An example is provided in the experiment of Fig. 2 in which there are six buyers, each with a capacity to buy up to three units. Buyer 1 has a three-unit demand schedule. His three maximum willingness-to-pay limit prices are at $20, $13.50, and $13.20 as indicated by the three units designated by B1 in Fig. 1. If B1 buys a first unit, he earns $20 minus the purchase price; a second unit earns $13.50 minus its purchase price and so on. Other buyers have limit price demand schedules as shown. When all limit prices are pooled and sorted from highest to lowest this defines the market demand schedule of prices and corresponding maximum purchase quantities.

Similarly, sellers are assigned minimum willingness-to-accept limit selling prices. For example, seller S4 can sell up to three units at unit costs $7.00, $13.50, and $14.50, respectively. When all seller limit prices are sorted from lowest to highest we get the market supply schedule, shown in Fig. 2.

Each buyer and seller only knows his or her private local supply or demand schedule. As Hayek would say, information is dispersed; each agent knows his or her own particular circumstances of time and place which we summarize in the form of the indicated limit values and costs in Fig. 2 (Hayek 1945, cited in Smith 1991, p. 234). Supply is to order in the environment shown in Fig. 2 so that there is no carryover of units not sold and therefore not supplied. In a multiple period competitive market experiment the supply and demand schedules so defined become flows per period.
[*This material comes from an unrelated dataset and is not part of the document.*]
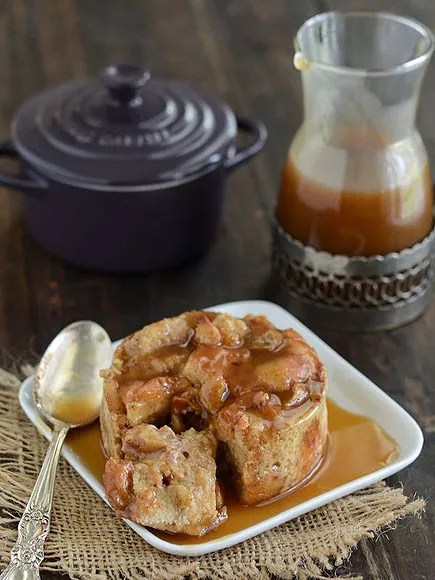 DOUGHNUT BREAD PUDDING WITH RUM SAUCE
Note that any P_E in the interval ($12.30, $13.20) is a competitive equilibrium that clears the market of 12 units. The theoretical gains from exchange are represented by the shaded area of Fig. 1. Keep in mind that no subject in the experiment knows this, and none sees before them a chart like Fig. 1. This information is unnecessary.

1.3.2 Institution. We also need an institution that defines the language of the market and its operating rules. In the example of Fig. 2 we use the bid-ask double auction rules common in financial and commodity markets. Any buyer (seller) can announce a bid (ask) price to buy (sell). Agents are recognized one at a time with bids and asks written into a spread sheet in sequence on an overhead. Once a bid (ask) is established a new bid (ask) must be higher (lower). Hence, the bid-ask spread is required to narrow. At any time any buyer (seller) can accept the standing ask (bid) to form a contract. For example, seller S1 might sell her first unit to buyer B6 at price $12. The seller earns a profit of $12-$8.20 =$3.80 and the buyer a profit of $20-$12=$8. This process continues for, say, 5 minutes or until no new contracts are forthcoming. The first market period ends, and the market opens for a new trading period. There are many software programs allowing these rules to govern trading via computer terminals.

1.3.3 Behavior. With M, N=3 or more, the sequence of contract prices tends to be volatile at first, then converge, within a few trading periods, to near the competitive equilibrium price and quantity that equalizes the quantities demanded and supplied (Smith 1991, Davis and Holt 1993, Chap. 3). But in Fig. 2 the subjects (Department of Energy administrators) were especially good traders, and prices stayed very close to the P_E interval during the first period. The contract prices for each trade are plotted as dots in the order of their occurrence: the first at $12, then $12.40, etc., the 11th and 12th at $13. Al- though 12 units traded the market was 97 percent efficient (not shown), just short of 100 percent. Efficiency is the percentage of the shaded area that is collected as gains from exchange (profit) in any period. What was the source of inefficiency? Buyer B2 bought his third unit (the 13th market demand unit in order; value $12.30) from one of the lower cost sellers at the price $12.20 on the 9th contract as plotted. If a demand unit below P_E trades, this displaces one of the higher value demand units that must trade if the market is to be 100 percent efficient. Full efficiency is achieved only if the highest 12 demand units are satisfied by the 12 lowest cost supply units, with all other units not trading. Otherwise, further gains from exchange can be realized. In this case buyer B2 could resell his unit to the higher value buyer he displaced, yielding a profit for each. In the experiment shown, no provision was made for such retrading.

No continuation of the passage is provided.